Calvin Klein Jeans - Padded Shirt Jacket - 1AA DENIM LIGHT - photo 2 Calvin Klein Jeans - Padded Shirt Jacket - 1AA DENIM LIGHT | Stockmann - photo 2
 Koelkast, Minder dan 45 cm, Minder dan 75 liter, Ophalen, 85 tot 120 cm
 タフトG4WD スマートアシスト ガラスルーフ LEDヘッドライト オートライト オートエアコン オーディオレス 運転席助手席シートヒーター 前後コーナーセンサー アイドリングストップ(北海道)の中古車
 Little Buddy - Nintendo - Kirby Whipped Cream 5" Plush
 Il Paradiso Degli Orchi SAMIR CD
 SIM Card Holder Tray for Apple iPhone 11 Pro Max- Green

---

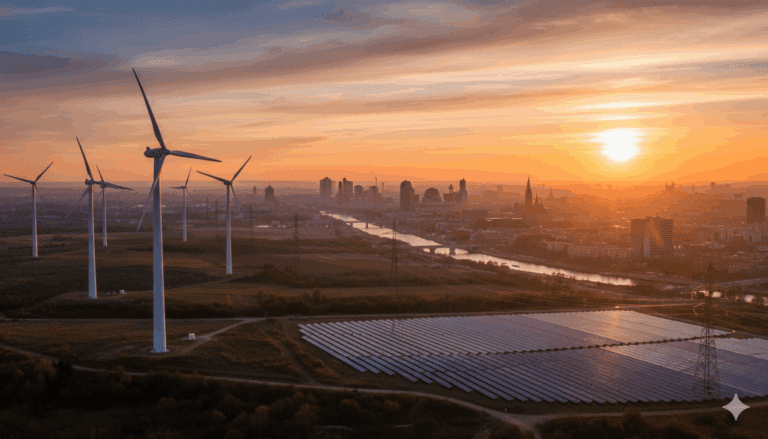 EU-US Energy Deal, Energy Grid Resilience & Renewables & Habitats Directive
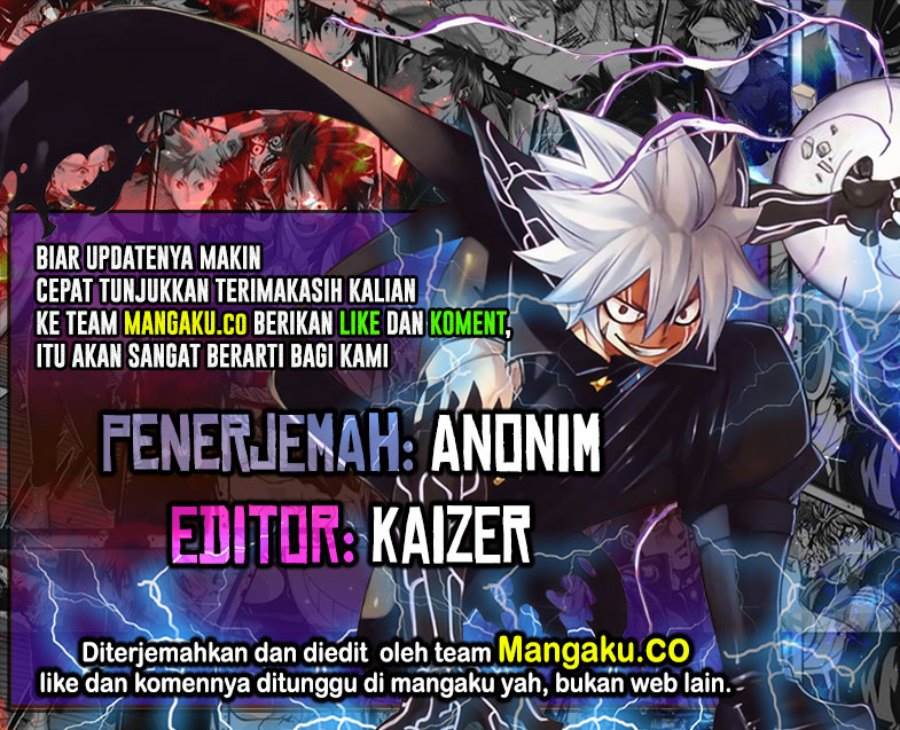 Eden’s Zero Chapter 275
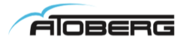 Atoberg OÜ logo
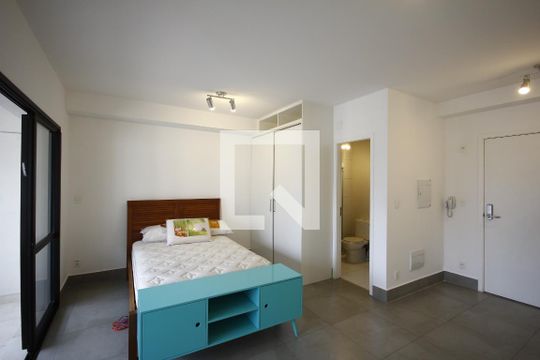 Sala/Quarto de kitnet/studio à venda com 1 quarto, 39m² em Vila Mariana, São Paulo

---

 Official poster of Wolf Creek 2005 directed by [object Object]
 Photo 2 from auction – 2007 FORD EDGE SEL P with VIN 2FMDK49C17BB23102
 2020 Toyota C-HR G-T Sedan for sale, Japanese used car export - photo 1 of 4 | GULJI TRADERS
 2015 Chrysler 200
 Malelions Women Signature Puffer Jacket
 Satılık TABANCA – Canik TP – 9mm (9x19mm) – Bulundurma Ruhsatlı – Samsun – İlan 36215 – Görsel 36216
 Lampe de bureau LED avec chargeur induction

#### WHAT THE TASK REQUIRES:
In the listing above, find the line with "Eden’s Zero Chapter 275" and the line with "Sala/Quarto de kitnet/studio". Copy exactly those two and every line between, without the pictures.

#### REPLY TO THE TASK:
 Eden’s Zero Chapter 275
 Atoberg OÜ logo
 Sala/Quarto de kitnet/studio à venda com 1 quarto, 39m² em Vila Mariana, São Paulo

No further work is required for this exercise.